Exibido, primeiramente, no Sundance Festival o filme O menino que descobriu o vento  estreou em março deste ano, na plataforma de streaming. Baseado no livro de mesmo nome, o drama conta com a direção, roteiro e atuação de Chiwetel Ejiofor. Quem aí, não se lembra do ator no filme 12 anos de escravidão, onde ele interpretou o Solomon Northup e fez todo mundo se debulhar em lágrimas ancestrais no cinema? Agora, ele estreia como diretor nessa belíssima produção digna de prêmios.

O longa-metragem traz a história real de William Kamkwaba. Filho de fazendeiros na pequena aldeia de Wimbe, no Malauí, país localizado na parte oriental do continente africano, William (interpretado por Maxwell Simba) sofre os impactos gerados pelas chuvas torrenciais e pela forte seca na região onde mora e, consequentemente, é impedido de frequentar a escola. Entre a escassez de recursos financeiros, a fome e o caos civil, o menino encontra um jeito de continuar frequentando a escola, permanece estudando às escondidas e impelido a tirar sua aldeia daquela situação, acha uma solução criativa para o problema.

Pois é, como diz na canção “o poeta está vivo”, de Frejat, William de apenas 13 anos, amanheceu o pensamento e mudou o mundo com seus moinhos de vento. Moinhos de vento. Ele, simplesmente, usou um motor movido à energia eólica para bombear e gerar água suficiente para espantar a seca da região e garantir o plantio e a colheita. Ainda dentro do enredo está os conflitos familiares, as tradições ancestrais locais e a ação política dos governos e a relação de amizade com seus dois amigos que são um menino da aldeia e um cão. Em alguns momentos, a visão que temos da história se dá pela ótica do menino, o que é lindo. Ele perpassa toda a trama envolta numa preocupação que não é infantil, mas ainda sim, consegue expressar esse lado com maestria.
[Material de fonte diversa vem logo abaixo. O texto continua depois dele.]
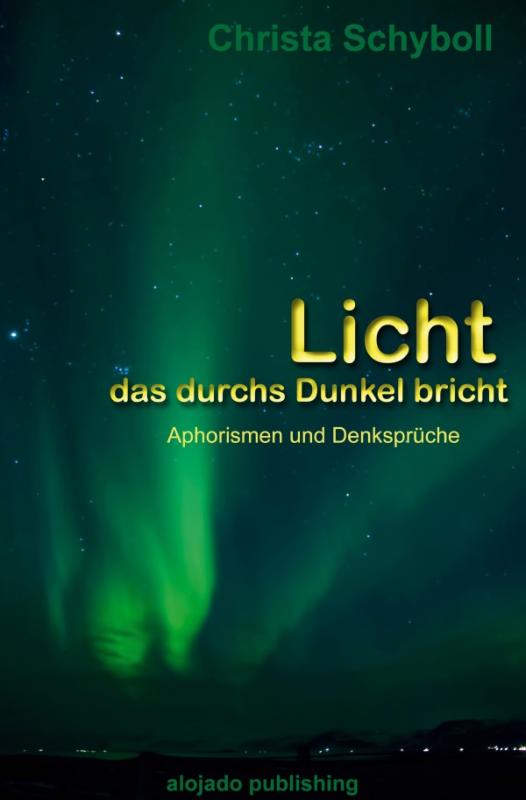 Cover-Bild Licht, das durchs Dunkel bricht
O menino que descobriu o vento nos tira da zona de conforto. Não é um filme para quem quer entretenimento. Para todos aqueles que estão no conforto de sua casa, mantém seus filhos na escola e consegue ter a geladeira sempre cheia, o filme é um verdadeiro soco no estômago. Em alguns momentos, é capaz de despertar nas pessoas mais sensíveis lágrimas profundas porque nos lembra de que existe um mundo enorme fora da nossa bolha, do nosso mundinho. Enquanto assistia imagens do continente africano que mantém, assustadoramente, sua beleza e imponência; é impossível não se perguntar sobre a uma questão básica da vida humana: a luta pela sobrevivência. Do que podemos fazer quando só temos muito pouco. Da sabedoria que provém de muita dor.

É na relação entre um pai fazendeiro e um filho que, minimamente, teve acesso aos estudos que o filme apresenta o poder transformador da educação. É lindo ver como ele rompe a tradição de lavrar o solo através da tecnologia. Ainda que muito simples, é inspirador. No fim do filme, é possível ver a trajetória acadêmica de sucesso de William.
Voltando ao falar do filme em si, sua fotografia é linda. O roteiro é adaptado, como não li o livro não tenho como dizer se é fiel ao que está escrito lá, no entanto, a trajetória do personagem é movida pela vontade consciente de mudar a realidade local. E aí, é impossível não fazer uma analogia. Quantas crianças na nossa cidade não poderiam ter suas vidas transformadas se tivessem acesso à educação de qualidade? Quantos jovens não poderiam elevar o Brasil se em suas mãos tivessem livros e não armas de fogo? Ao abordar a crise política, conflitos civis e tradições locais, o filme me levou para outras reflexões. Em algum ponto desse caos generalizado que vivemos quem são as pessoas que nós elegemos para nos representar? Não são eles os responsáveis pela manutenção do caos? Qual é o preço que todos nós pagamos? No filme, o governo ignora a seca e a fome que assola os vilarejos. E nós, acaso não temos representantes que ignoram a violência urbana que, diariamente, nos assusta? O que faremos? Sucumbiremos frente ao medo ou como William, vamos pensar numa solução? O que é possível fazer tendo tão poucos recursos em nossas mãos?

O filme é inspirador. Um dos melhores filmes que eu vi nos últimos tempos. E olha que eu relutei. Demorei bastante tempo para vê-lo.